Exercise material START

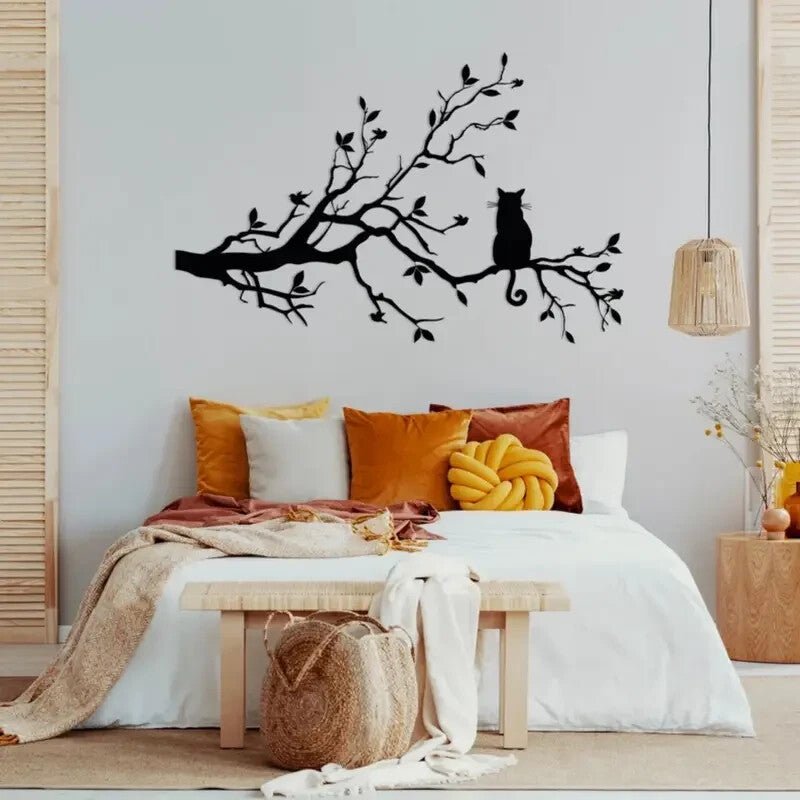NEW METAL CAT / BIRDS Silhouetette Wall Art, Birds and Cat on Tree Branches - FranksFunkyStuff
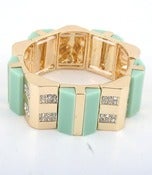 Image of STRETCH MINT GREEN GOLD & RHINESTONE CUFF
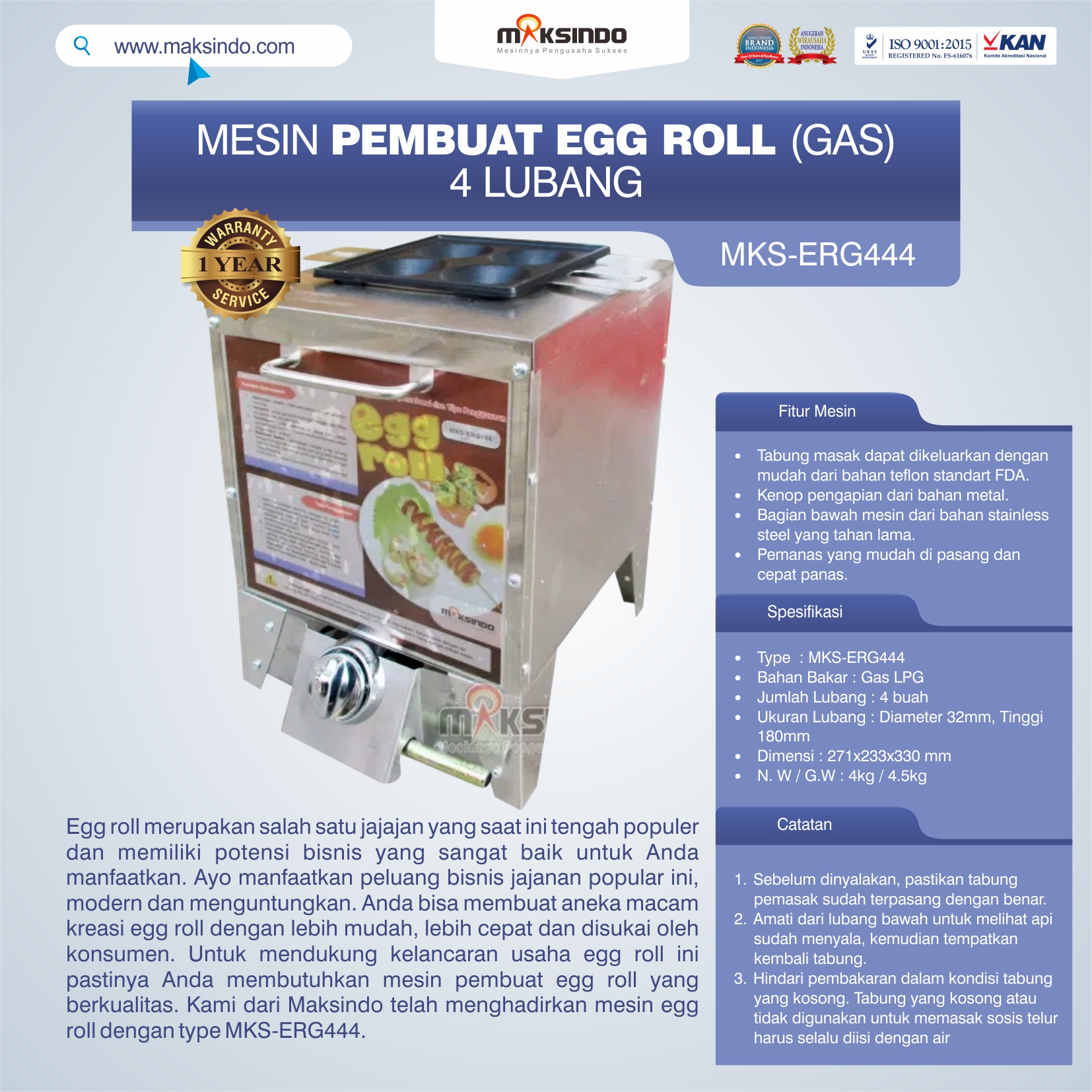 Jual Mesin Pembuat Egg Roll (Gas) 4 Lubang MKS-ERG444 di Pekanbaru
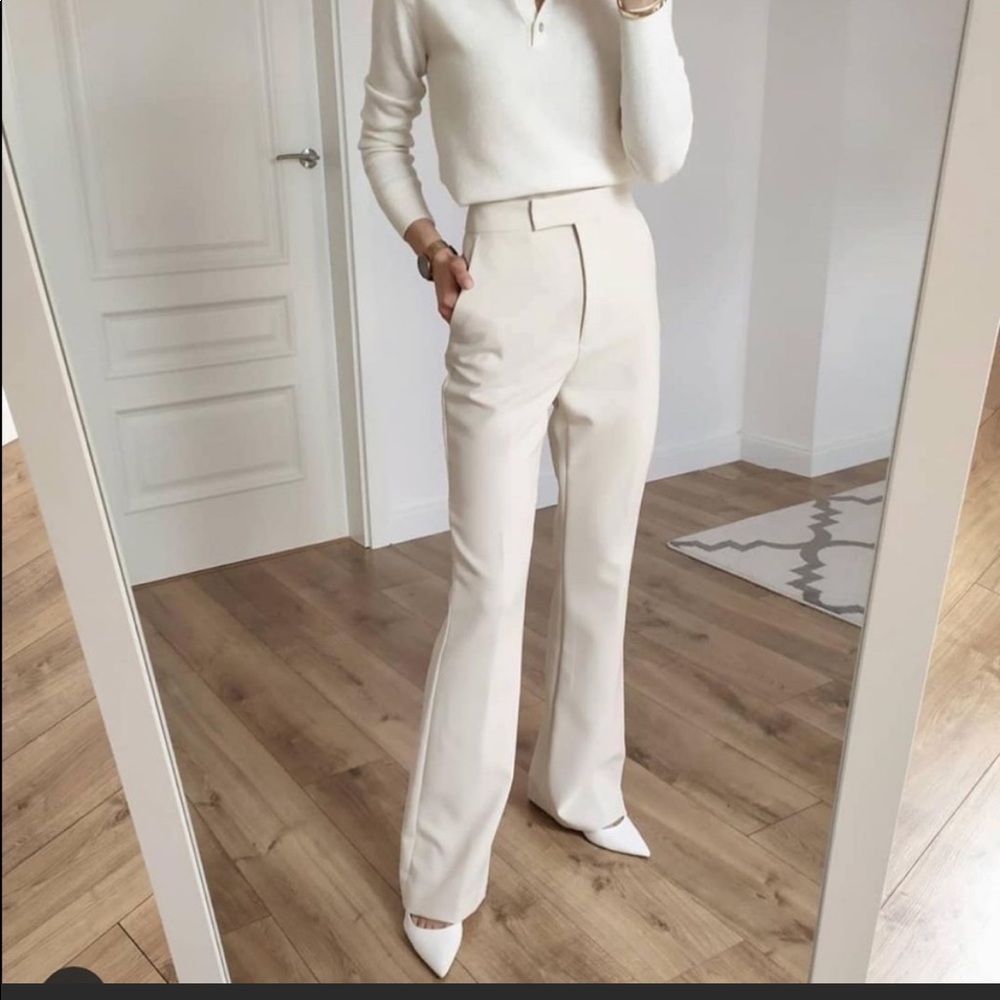 Zara ecru high waist bootcut rustic pant with topstiching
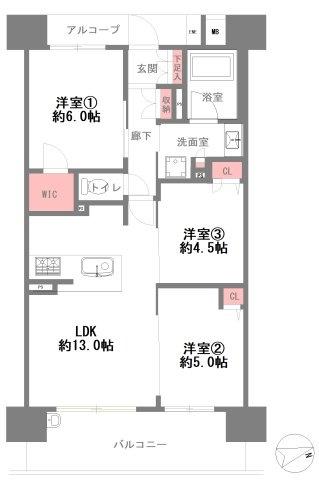 大阪府大阪市住之江区中加賀屋2丁目の中古マンションの間取り図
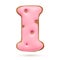 Capital letter I. Pink gingerbread biscuit isolated on white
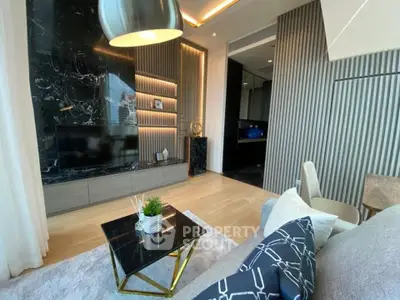 Luxurious modern living room with elegant decor and stylish furniture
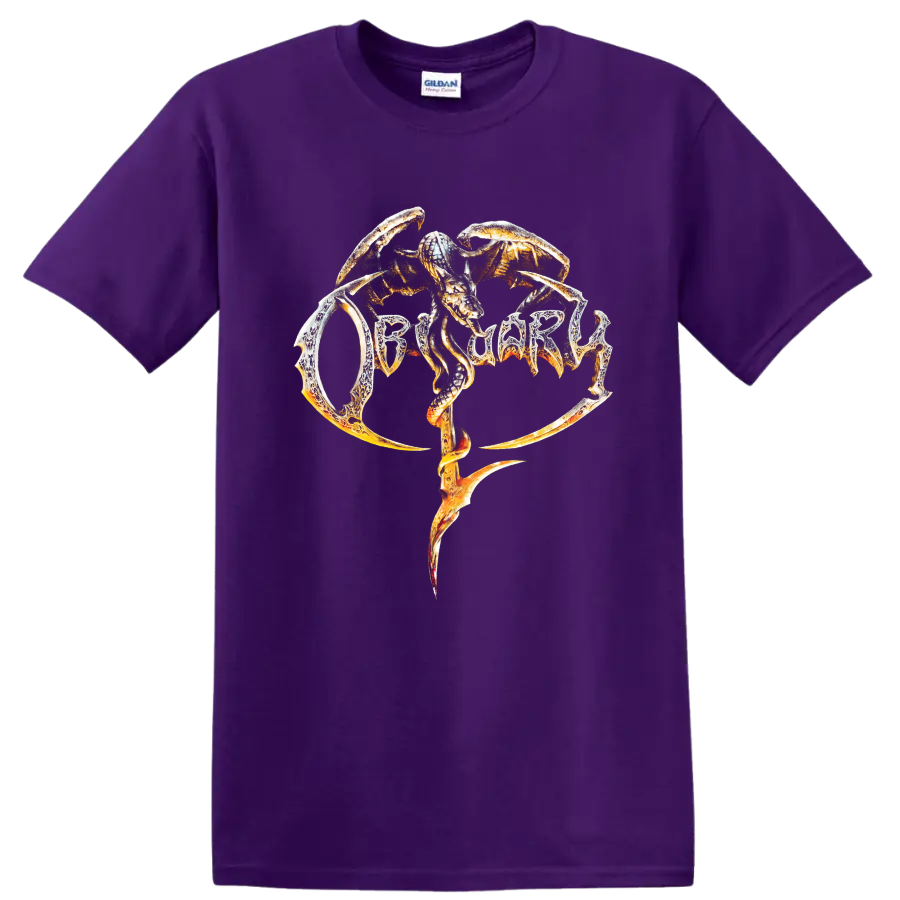 OBITUARY snake logo in fiery death metal graphic print on a - Purple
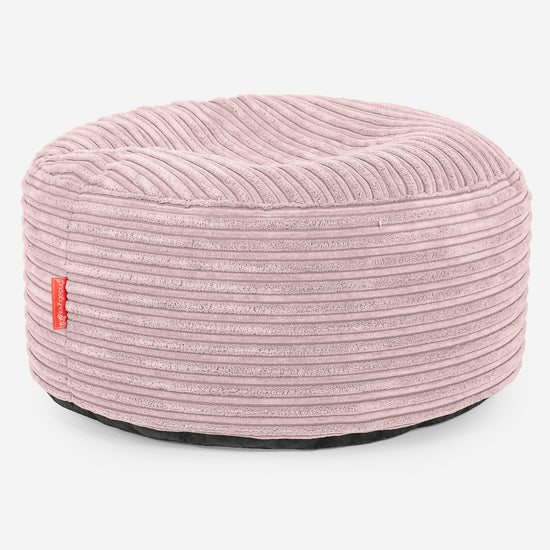 Pouf Ottoman con Vassoio - Velluto a Coste Rosa Cipria - 02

Exercise material END

A verbatim copy of every record is required, with all pictures excluded.

Exercise answer »
NEW METAL CAT / BIRDS Silhouetette Wall Art, Birds and Cat on Tree Branches - FranksFunkyStuff
 Image of STRETCH MINT GREEN GOLD & RHINESTONE CUFF
 Jual Mesin Pembuat Egg Roll (Gas) 4 Lubang MKS-ERG444 di Pekanbaru
 Zara ecru high waist bootcut rustic pant with topstiching
 大阪府大阪市住之江区中加賀屋2丁目の中古マンションの間取り図
 Capital letter I. Pink gingerbread biscuit isolated on white
 Luxurious modern living room with elegant decor and stylish furniture
 OBITUARY snake logo in fiery death metal graphic print on a - Purple
 Pouf Ottoman con Vassoio - Velluto a Coste Rosa Cipria - 02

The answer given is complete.